Please copy each line in the records below that contains the string "Diamond".
*** Opening RECORDS SHOWN ***
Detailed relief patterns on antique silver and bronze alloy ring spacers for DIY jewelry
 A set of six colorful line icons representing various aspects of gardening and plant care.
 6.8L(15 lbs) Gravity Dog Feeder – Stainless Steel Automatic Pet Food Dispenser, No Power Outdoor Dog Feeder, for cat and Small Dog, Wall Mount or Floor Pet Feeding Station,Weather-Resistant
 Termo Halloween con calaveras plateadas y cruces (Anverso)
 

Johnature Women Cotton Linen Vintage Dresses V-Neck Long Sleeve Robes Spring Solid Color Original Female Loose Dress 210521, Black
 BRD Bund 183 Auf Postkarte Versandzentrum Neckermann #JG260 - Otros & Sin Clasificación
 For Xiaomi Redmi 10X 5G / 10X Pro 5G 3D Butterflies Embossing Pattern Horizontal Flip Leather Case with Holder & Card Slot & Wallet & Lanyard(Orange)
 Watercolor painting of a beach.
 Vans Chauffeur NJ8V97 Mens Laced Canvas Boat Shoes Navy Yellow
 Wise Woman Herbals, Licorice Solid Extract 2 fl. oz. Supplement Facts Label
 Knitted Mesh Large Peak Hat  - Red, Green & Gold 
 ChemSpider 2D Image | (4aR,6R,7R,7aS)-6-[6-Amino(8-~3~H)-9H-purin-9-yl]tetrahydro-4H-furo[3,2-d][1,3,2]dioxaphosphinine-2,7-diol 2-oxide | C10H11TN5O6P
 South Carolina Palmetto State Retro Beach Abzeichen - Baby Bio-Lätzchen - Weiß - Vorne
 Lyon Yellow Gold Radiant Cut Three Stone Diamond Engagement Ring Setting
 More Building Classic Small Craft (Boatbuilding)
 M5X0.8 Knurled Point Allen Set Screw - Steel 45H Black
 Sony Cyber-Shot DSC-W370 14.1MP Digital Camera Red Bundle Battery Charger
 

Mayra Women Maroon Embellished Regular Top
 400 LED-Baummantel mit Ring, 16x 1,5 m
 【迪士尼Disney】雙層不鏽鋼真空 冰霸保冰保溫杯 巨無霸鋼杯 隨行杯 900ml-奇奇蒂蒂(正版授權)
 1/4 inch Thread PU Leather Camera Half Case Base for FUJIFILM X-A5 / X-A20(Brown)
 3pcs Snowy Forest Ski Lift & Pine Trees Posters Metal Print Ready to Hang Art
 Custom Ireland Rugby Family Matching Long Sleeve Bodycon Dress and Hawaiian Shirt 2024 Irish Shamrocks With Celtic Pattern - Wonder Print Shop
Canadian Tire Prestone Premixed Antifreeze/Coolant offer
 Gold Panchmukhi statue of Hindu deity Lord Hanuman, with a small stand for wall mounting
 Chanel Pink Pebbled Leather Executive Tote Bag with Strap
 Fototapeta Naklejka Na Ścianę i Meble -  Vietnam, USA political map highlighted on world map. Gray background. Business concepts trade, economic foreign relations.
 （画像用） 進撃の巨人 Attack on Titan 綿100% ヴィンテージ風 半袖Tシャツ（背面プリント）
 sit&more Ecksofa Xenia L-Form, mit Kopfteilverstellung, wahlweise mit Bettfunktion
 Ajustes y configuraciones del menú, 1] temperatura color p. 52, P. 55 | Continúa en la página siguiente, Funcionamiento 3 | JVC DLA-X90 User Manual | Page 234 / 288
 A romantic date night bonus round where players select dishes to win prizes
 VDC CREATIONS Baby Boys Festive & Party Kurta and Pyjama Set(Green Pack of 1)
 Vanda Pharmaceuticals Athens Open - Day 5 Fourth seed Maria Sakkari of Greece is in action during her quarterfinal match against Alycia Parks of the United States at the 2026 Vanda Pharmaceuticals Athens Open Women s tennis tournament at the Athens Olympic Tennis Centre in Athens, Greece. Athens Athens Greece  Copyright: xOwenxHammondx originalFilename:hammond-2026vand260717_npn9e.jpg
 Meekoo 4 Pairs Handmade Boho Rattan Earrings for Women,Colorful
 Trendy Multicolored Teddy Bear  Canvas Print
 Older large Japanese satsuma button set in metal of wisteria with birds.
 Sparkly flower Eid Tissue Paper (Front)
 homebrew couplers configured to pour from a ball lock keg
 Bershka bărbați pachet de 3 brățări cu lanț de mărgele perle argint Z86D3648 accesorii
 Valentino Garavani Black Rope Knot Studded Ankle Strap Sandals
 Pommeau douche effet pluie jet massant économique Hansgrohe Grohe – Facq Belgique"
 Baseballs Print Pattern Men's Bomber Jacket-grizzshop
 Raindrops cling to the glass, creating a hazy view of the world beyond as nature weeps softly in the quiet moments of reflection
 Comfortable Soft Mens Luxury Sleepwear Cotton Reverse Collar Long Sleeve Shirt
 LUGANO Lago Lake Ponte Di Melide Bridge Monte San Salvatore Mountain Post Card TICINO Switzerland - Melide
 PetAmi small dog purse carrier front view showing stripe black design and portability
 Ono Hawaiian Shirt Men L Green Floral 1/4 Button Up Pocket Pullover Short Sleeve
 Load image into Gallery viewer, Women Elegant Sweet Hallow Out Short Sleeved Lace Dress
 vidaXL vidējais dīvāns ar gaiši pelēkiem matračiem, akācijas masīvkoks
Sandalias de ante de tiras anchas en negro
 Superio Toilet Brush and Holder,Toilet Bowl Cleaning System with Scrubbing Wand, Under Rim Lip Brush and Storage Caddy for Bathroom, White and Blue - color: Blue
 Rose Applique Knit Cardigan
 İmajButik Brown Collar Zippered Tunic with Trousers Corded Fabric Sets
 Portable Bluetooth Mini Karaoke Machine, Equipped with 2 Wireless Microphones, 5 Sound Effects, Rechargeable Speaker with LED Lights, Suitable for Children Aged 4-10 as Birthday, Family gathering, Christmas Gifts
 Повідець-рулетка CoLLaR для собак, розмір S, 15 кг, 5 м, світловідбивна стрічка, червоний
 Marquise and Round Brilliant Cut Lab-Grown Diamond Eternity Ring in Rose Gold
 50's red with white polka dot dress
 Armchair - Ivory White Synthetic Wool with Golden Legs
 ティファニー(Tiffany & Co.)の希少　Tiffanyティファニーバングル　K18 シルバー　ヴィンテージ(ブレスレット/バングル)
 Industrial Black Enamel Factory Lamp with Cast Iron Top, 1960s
*** Closing RECORDS SHOWN ***
■ RESULT
 Lyon Yellow Gold Radiant Cut Three Stone Diamond Engagement Ring Setting
 Marquise and Round Brilliant Cut Lab-Grown Diamond Eternity Ring in Rose Gold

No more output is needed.